Designing Vault’s generator algorithm

A few weeks ago now, I released Vault, a stateless password generator. It took about six months to develop, which sounds ridiculous for something that’s only a couple hundred lines of JavaScript, but during that time I learned a fair bit about cryptography that changed the generator’s design, and I’d like to discuss that here.

Vault’s password generation algorithm went through about four distinct iterations between the 0.1 release and the for-public-consumption 0.2 version.

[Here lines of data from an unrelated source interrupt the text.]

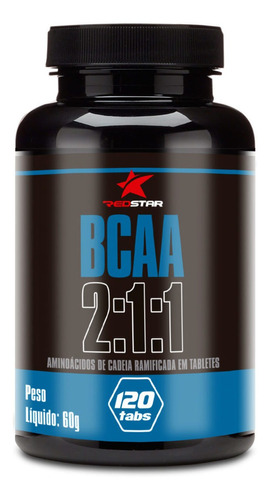 Bcaa 2:1:1 120 Tabs Red Series Red Star Aminoácidos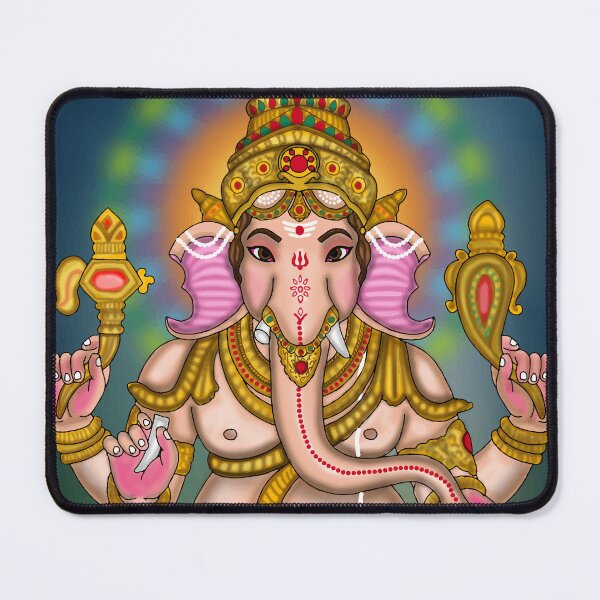 Item preview, Ganesha Divine Artwork – Hindu Elephant God Spiritual Illustration designed and sold by Harshit_Digital_Arts.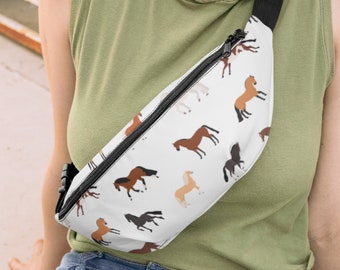 Equestrian-Themed Horse Treat Fanny Pack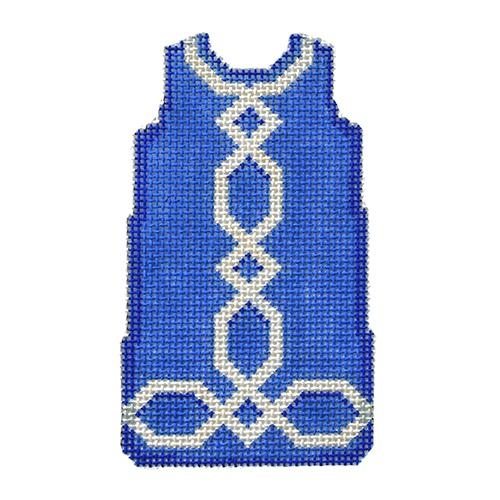 Lattice Trim Mini Shift - Blue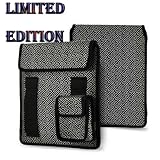 PC MAMA Patent Multifunction Sleeve Bag, Combine Hand Bag and Sleeve Pouch + a Bag for Charger for iPad, iPad 2, iPad 3, the New iPad, Samsung Galaxy Tab P7500 P7300, Motorala Xoom, Hp Touch Pad, Kindle Fire, ASUS Transformer -Velvet - Black Grid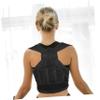 KICHOUSE Posture Back Brace Support for Men and Women Adjustable Breathable Design for Hunchback and Comfortable Wear Black view 2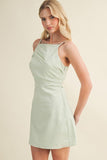 BEATRIX FRONT GATHER MINI DRESS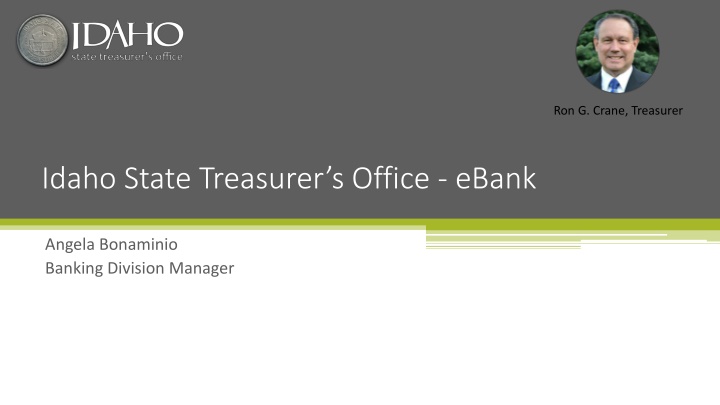 Modernizing Statewide Transactions: Introducing TATRS and eBank System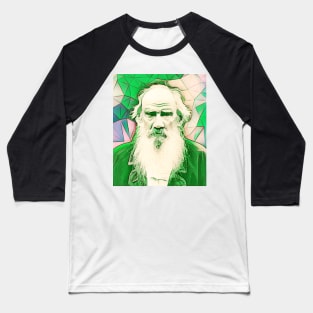 Leo Tolstoy Green Portrait | Leo Tolstoy Artwork 8 Baseball T-Shirt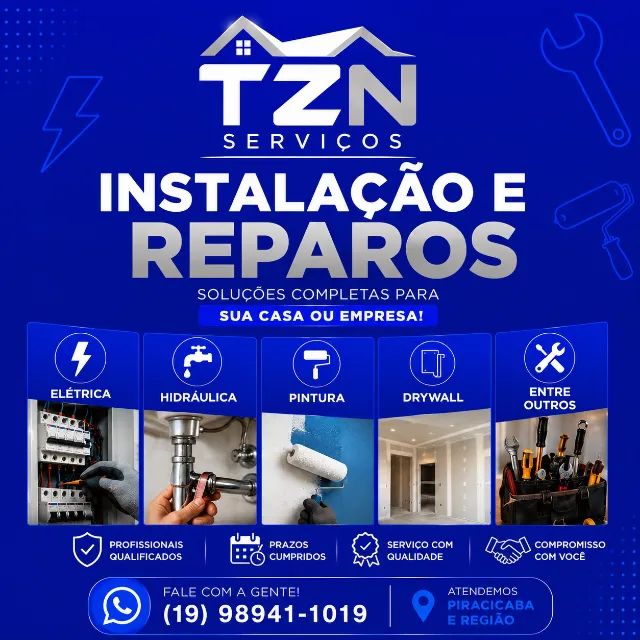 Instalações e Reparos diversos - Piracicaba e Região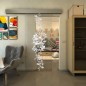 Glasschiebetür ECO-LINE - Fineprint Modell 085 Weiss auf Klarglas
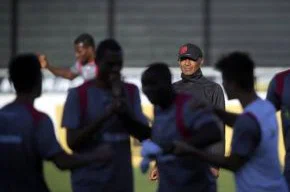 Cristóvão em treino do Vasco: necessidade de assumir riscos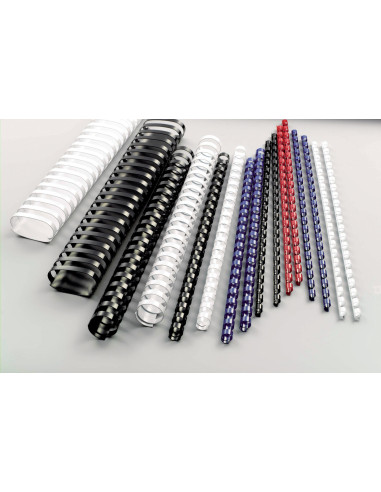 GBC4028235,Inel plastic GBC pentru 65 coli, 10 mm, Albastru, 100 buc/cutie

The strategy throughout could be summarized as:

  • Take two values from the user and make a hash (A) out of them
  • Construct a character set (B) acceptable by the target site
  • Encode the hash A using the character set B

However the details of how you do each of these things affect the security of the system in important ways, as we’ll see.

The inputs to the process are:

  • The phrase: a master passphrase the person uses to generate all her passwords
  • The service: the name of the site the person is logging into
  • Optionally, a set of character constraints on the generated password, e.g. ‘must not contain spaces’, or ‘must have at least two uppercase letters’

The initial design worked like this: you start by calculating the SHA-256 hash of a combination of the phrase, service and a UUID that’s fixed in Vault’s codebase. (Vault uses either crypto-js or Node’s crypto module, depending on where it’s running.)

var hash = CryptoJS.SHA256(phrase + Vault.UUID + service);

Let’s take a concrete example:

var phrase  = 'you look nice today',
    service = 'gmail';

var hash = CryptoJS.SHA256(phrase + Vault.UUID + service);
// -> 'af7382c35e42ae2a5599a497d69ee5484559925265e609d69dc5026a4a214d90'

Then you turn this hash into binary form, like so:

Vault.toBits = function(digit) {
  var string = parseInt(digit, 16).toString(2);
  while (string.length < 4) string = '0' + string;
  return string;
};

var binary = hash.split('').map(Vault.toBits).join('');
// -> '1010111101110011100000101100001101011110010000101010111000101010 ...'

So now you have a big blob of random-looking data based on the phrase and service, and you need to encode this in a format acceptable to the site you’re logging into. This means picking an appropriate character set. Vault has a collection of different types of characters (these are from the stable 0.2 release):

Vault.LOWER     = 'abcdefghijklmnopqrstuvwxyz'.split('');
Vault.UPPER     = 'ABCDEFGHIJKLMNOPQRSTUVWXYZ'.split('');
Vault.ALPHA     = Vault.LOWER.concat(Vault.UPPER);
Vault.NUMBER    = '0123456789'.split('');
Vault.ALPHANUM  = Vault.ALPHA.concat(Vault.NUMBER);
Vault.SPACE     = [' '];
Vault.DASH      = ['-', '_'];
Vault.SYMBOL    = '!"#$%&\'()*+,./:;<=>?@[\\]^{|}~'.split('').concat(Vault.DASH);
Vault.ALL       = Vault.ALPHANUM.concat(Vault.SPACE).concat(Vault.SYMBOL);

Vault.ALL ends up having 94 unique characters in it: all the printable ASCII characters, except for the backtick which I couldn’t find on my Android keyboard, so I thought it might cause problems. In the simplest case, you just encode the bits of the hash using Vault.ALL, which means selecting characters from a set of 94.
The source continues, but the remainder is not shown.